Sunday, August 24, 2008

Samsung Omnia Review

MobileTechReview has a detailed review of Samsung Omnia phone. This phone looks very good but not for US at the moment. When it hits the US market (maybe later this year), it will most likely be with AT&T. Sprint better get Opera Mini 4.1 browser working on Instinct soon or people are going to defect!






Specifications

Display
65K color TFT flush touch screen, 3.2". Resolution: 240 x 400, supports both portrait and landscape modes (can use accelerometer to automatically rotate the screen).

Battery
1440 mAh Lithium Ion rechargeable. Battery is user replaceable. 2G claimed talk time: 5.8 hours, standby: 500 hours. 3G claimed talk time: 4 hours, standby: 400 hours.

Performance
624 MHz Marvel PXA312 processor. 128 MB built-in RAM. 256 MB Flash ROM and 8 or 16 gigs internal flash memory storage.

Size
112 x 56.9 x 12.5mm (4.41 x 2.24 x 0.49 inches. Weight: 122g (4.3 ounces).

Phone
GSM quad band unlocked 850/900/1800/1900MHz with EDGE for data. Euro-only 3G (2100MHz).

Camera
5.0 MP camera with autofocus, macro mode, face/smile detection mode. 2x digital zoom and LED flash. Camcorder: VGA max resolution at 15 fps, QVGA at 30fps.

Audio
Built in speaker, mic and Samsung blade connector audio jack with headset dongle that has a 3.5mm standard stereo headphone jack. Voice Recorder and Windows Pocket Media Player 10 included for your MP3 pleasure. DivX certified.

Networking
Integrated WiFi 802.11b/g and Bluetooth 2.0 +EDR.

Software
Windows Mobile 6.1 Professional with Samsung's TouchWiz UI. Opera 9.5, Outlook Mobile (email, Calendar, Contacts, Tasks), Microsoft Office Mobile (Word Mobile, Excel Mobile, PowerPoint Mobile, OneNote Mobile), Internet Explorer Mobile, Windows Media Player 10 Mobile, Notes, Calculator, Solitaire, Bubble Breaker, Internet Sharing, , Task Manager, Java VM and Google Maps. Samsung applications: Touch Player, Media Album, Photo Slides, Smart Converter unit converter, world clock, touch-friendly phone book, Digital Frame (photo frame style desk clock), ShoZu, RSS reader, Streaming Player, TV out, Video Editor, business card reader, Enhanced GPS, DivX codecs, vibration and accelerometer settings. ActiveSync 4.5 and Outlook trial version for PCs included.

Expansion
1 microSD card slot, SDHC compatible.

SAR rating
0.671 W/kg.

6 comments:

Anonymous said...

To be fair, the Omnia is an actual Smart Phone, if I remember correctly.
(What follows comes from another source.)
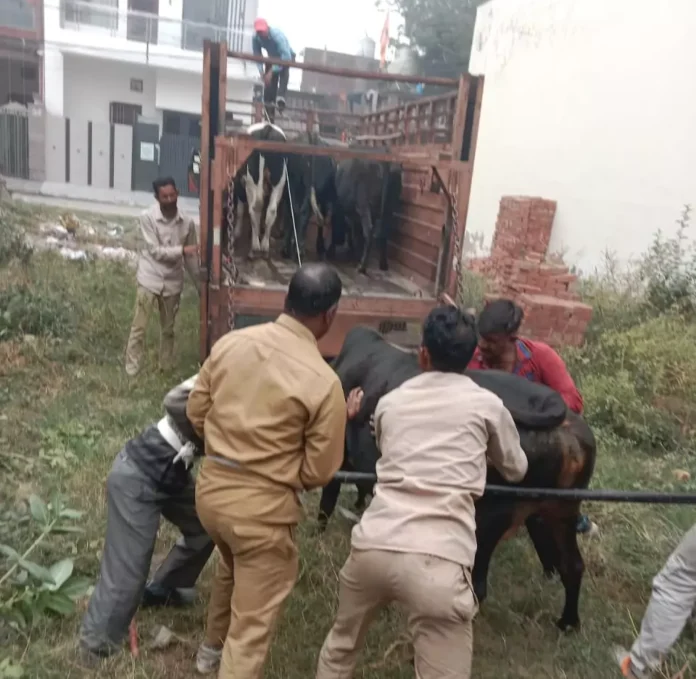 The corporation team caught 16 stray cattle roaming in the city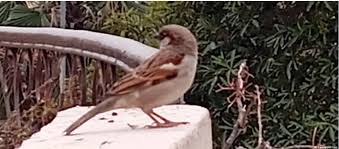 پاکستان سمیت دنیا بھر میں چڑیوں کے تحفظ کا عالمی دن جمعہ کومنایا گیا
The Instinct is more between the spectrum of a normal phone and an iPhone (which is a semi-Smart Phone.)

Unknown said...

I expected instinct to be more like this.

Anonymous said...

You shouldn't because the Instinct isn't a smart phone. Maybe there was some misconception that it was, but really, if you look at all the features, it isn't. It has Windows 6 for crying out loud. If the Instinct had that we would have a completely different phone and it would be far more expensive than 129.99.

Anonymous said...

PS, But I agree. This is what the Instinct should have been. If it were, it would have definitely competed with the iPhone. Hell, I'm cancelling my phone, I don't care if I have to pay 200 dollars. Sprint really screwed us bad with the Instinct.

arrojenkins said...
This comment has been removed by the author.
The Quiet Observer said...

This is more like it! The phone I want. It would suck if it's going to AT&T.